Stake holders in the housing sector from 44 nations across Africa are currently meeting in Yaounde to collectively seek pragmatic solutions to the housing crisis on the continent, especially during the crippling COVID-19 pandemic era.
The come together is within the framework of the 40th Annual General Meeting of the Company for Habitat and Housing in Africa dubbed Shelter Afrique under the theme “Four decades of affordable housing policies in Africa: Mapping the Next Forty Years.”
As such for the next seven days, delegates at the meeting will draw up strategies of improving access to funding, loans and land titling as ways to promote decent and affordable housing in a bit to reduce informal settlements on the continent.
Shelter Afrique is a pan-African real estate finance institution that exclusively supports the development of the housing and real estate sector in Africa.
As part of the 44 member countries, Cameroon subscribed to the initiative in 1982 with an initial capital of 3.2 billion.
With a benefit of about 24 billion gotten through different housing schemes, the country has undertaken the development of social housing and seen the construction of some 2600 units nationwide.
Apart from the Annual General Meeting, Shelter Afrique will be marking its 40th anniversary.
“Our 40th year will be one of retrospection.

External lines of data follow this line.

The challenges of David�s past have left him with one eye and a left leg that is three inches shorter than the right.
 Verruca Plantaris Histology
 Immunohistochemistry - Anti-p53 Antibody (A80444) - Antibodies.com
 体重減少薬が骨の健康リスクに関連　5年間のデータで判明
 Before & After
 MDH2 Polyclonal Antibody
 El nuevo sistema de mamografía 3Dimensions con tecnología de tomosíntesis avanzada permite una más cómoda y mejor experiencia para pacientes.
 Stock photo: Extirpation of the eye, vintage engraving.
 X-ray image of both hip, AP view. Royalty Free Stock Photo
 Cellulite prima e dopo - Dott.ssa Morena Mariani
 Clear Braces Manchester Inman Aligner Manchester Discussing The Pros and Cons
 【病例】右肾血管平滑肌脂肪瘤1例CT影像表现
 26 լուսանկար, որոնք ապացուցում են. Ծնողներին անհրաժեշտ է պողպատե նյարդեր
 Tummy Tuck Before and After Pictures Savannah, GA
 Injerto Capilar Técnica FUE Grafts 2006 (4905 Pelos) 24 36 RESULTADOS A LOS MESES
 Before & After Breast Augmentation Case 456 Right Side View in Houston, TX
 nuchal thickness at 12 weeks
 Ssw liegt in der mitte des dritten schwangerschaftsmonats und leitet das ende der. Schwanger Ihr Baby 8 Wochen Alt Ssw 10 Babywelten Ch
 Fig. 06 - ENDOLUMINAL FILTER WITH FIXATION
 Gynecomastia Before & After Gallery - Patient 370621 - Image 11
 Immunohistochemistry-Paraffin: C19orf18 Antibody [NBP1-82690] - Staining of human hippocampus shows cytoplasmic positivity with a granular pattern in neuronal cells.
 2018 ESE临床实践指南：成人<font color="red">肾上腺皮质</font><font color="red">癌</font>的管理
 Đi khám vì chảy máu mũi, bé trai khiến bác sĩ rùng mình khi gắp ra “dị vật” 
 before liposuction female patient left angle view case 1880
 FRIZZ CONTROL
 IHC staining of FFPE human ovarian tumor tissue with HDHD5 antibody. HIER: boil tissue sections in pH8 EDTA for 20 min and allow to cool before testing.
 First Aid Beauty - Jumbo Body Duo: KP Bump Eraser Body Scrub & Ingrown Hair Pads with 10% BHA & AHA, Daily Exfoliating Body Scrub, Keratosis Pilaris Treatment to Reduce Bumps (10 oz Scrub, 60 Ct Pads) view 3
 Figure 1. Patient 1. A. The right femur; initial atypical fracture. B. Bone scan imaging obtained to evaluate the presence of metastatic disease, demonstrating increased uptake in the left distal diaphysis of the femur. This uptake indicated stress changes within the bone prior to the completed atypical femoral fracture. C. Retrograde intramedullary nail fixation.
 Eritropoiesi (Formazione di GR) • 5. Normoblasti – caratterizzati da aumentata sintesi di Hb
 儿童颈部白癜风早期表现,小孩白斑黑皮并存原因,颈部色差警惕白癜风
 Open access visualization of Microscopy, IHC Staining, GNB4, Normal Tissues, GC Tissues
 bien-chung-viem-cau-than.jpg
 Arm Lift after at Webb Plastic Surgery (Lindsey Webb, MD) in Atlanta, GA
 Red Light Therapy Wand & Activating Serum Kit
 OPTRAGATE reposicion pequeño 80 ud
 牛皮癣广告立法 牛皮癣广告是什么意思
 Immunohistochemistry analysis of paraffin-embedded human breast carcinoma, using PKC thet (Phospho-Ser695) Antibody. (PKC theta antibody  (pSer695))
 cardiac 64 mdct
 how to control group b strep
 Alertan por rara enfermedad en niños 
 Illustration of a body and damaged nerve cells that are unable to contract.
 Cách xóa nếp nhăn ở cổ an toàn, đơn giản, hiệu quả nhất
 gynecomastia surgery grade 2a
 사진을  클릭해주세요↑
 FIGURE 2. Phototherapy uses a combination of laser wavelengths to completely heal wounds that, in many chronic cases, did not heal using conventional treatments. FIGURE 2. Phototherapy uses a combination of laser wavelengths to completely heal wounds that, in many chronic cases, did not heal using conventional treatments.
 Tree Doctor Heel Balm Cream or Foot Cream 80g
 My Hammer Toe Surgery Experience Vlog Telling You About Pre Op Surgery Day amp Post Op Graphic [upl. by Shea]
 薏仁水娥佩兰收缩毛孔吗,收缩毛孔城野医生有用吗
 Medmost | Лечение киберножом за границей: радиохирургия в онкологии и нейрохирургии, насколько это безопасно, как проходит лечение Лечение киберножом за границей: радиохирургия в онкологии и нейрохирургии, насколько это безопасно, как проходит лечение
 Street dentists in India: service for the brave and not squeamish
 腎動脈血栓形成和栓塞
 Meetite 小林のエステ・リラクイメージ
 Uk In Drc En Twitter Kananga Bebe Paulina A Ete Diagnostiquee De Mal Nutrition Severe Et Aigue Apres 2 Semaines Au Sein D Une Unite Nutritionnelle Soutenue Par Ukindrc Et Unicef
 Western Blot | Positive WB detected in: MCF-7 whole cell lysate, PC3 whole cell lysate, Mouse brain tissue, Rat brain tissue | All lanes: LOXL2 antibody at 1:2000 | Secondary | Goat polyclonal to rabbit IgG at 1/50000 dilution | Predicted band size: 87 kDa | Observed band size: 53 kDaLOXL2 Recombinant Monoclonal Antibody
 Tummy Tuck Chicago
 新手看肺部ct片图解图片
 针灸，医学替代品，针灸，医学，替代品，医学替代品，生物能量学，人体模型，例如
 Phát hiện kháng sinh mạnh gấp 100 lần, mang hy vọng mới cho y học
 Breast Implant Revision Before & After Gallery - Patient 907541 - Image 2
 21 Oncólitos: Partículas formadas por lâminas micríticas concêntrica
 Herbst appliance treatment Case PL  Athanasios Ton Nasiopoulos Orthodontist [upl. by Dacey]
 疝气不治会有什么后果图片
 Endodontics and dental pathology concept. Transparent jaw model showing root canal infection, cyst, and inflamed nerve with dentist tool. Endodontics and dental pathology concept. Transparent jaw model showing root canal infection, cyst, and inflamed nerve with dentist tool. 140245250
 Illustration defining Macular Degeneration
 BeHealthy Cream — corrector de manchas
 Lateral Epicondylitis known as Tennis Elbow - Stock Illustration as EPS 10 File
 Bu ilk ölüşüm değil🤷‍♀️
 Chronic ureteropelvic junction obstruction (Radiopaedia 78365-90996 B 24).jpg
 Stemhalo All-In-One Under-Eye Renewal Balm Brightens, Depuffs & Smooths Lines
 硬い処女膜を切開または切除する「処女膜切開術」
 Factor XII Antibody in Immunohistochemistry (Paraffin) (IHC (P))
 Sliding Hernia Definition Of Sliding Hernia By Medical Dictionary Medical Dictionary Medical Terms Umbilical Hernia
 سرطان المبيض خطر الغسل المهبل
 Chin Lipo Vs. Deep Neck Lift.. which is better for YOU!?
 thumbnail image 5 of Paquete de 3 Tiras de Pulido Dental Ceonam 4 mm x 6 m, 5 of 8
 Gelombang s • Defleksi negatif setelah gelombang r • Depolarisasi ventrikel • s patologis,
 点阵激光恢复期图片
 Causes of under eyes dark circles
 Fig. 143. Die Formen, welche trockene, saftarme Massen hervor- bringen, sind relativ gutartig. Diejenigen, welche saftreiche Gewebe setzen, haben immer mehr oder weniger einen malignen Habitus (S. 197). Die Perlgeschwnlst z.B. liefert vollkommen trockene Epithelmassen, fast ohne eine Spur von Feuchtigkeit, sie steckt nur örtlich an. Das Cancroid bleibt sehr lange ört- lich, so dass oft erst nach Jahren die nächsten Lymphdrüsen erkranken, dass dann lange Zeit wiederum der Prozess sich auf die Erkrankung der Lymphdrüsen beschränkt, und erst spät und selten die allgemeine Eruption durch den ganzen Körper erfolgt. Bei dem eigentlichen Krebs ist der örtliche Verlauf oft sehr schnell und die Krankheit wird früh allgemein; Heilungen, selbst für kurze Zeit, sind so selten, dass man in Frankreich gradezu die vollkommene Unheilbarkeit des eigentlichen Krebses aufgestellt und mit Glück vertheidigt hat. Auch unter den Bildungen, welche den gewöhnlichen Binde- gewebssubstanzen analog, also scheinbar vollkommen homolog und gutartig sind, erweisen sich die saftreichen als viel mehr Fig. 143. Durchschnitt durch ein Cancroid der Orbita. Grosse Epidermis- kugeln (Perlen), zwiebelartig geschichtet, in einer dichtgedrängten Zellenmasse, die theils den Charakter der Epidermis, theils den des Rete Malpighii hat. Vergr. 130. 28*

We believe as we navigate this new decade and the realities that this pandemic has thrown into sharp relief, there is a need to review Africa’s housing policy environment. Not merely to measure growth, successes and challenges but, more importantly, to forecast the next forty years to shape policy for our member-states and the way we approach low-cost large-scale delivery of housing in Africa,” Shelter Afrique’s Chief Executive, Andrew Pandeka Chimphondah said during the virtual General Assembly last May 26.
Cameroon’s Prime Minister Head of Government, Chief Dr Joseph Dion Ngute represented the Head of State as Chair of the opening ceremony this Monday June 21.